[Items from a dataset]
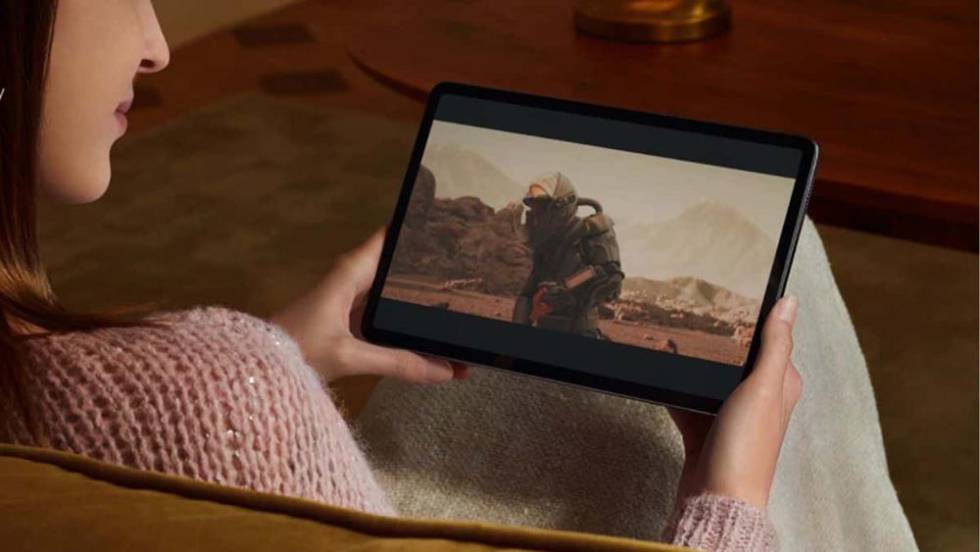 Chica con un tablet de Xiaomi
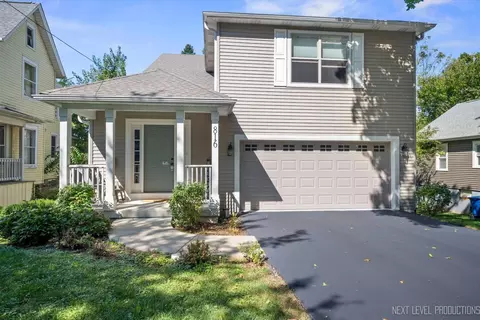 816 W State St, Saint Charles, IL 60174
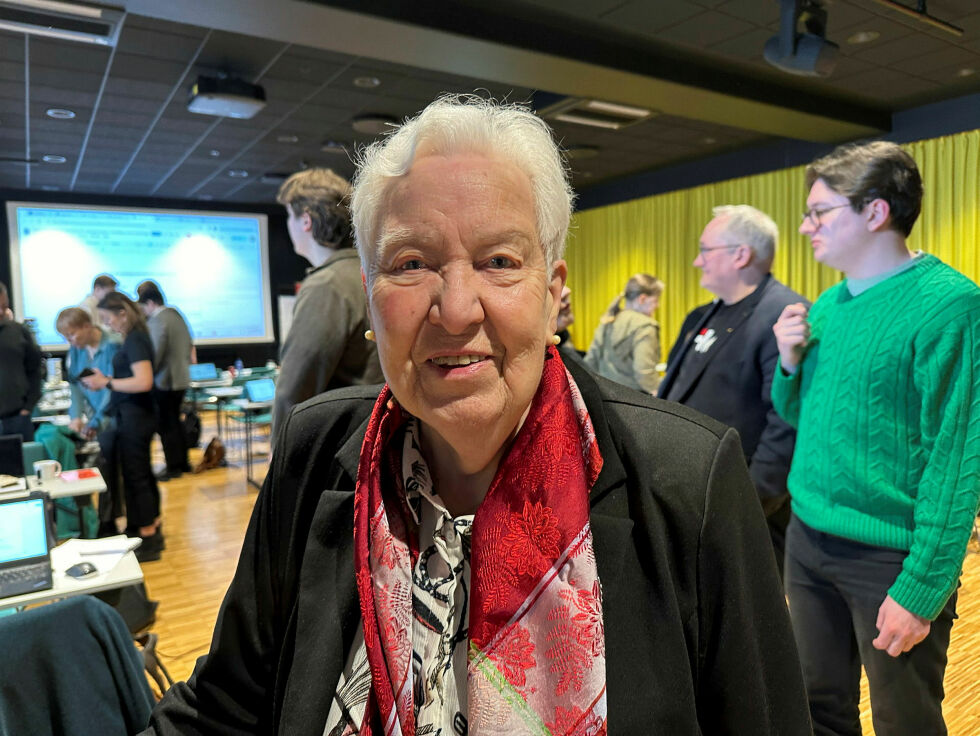 Evelyn Olsen Lid (89) var utvilsomt den eldste som var på Finnmark Ap sitt årsmøte i Kirkenes sist helg.
 Foto: Hallgeir Henriksen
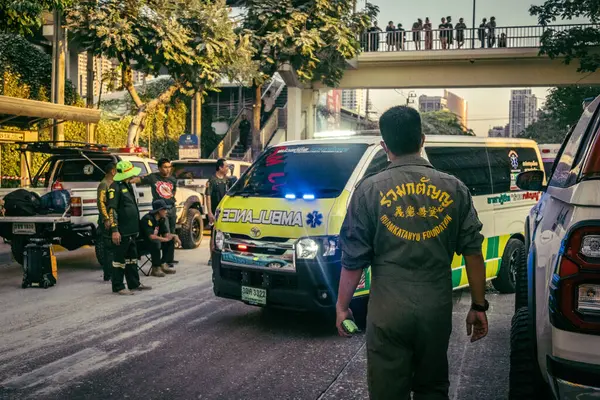 Bangkok, Tayland, 29 Mart 2025. Bangkok 'taki depremden sonra çöken bir binanın inşaat halindeki binasında ambulanslar bulunuyor. Birçok kurban hala enkaz altında..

→ **Your goal**:
Give the data again word for word, without images.

→ **Solved exercise**:
 Chica con un tablet de Xiaomi
 816 W State St, Saint Charles, IL 60174
 Evelyn Olsen Lid (89) var utvilsomt den eldste som var på Finnmark Ap sitt årsmøte i Kirkenes sist helg.
 Foto: Hallgeir Henriksen
 Bangkok, Tayland, 29 Mart 2025. Bangkok 'taki depremden sonra çöken bir binanın inşaat halindeki binasında ambulanslar bulunuyor. Birçok kurban hala enkaz altında..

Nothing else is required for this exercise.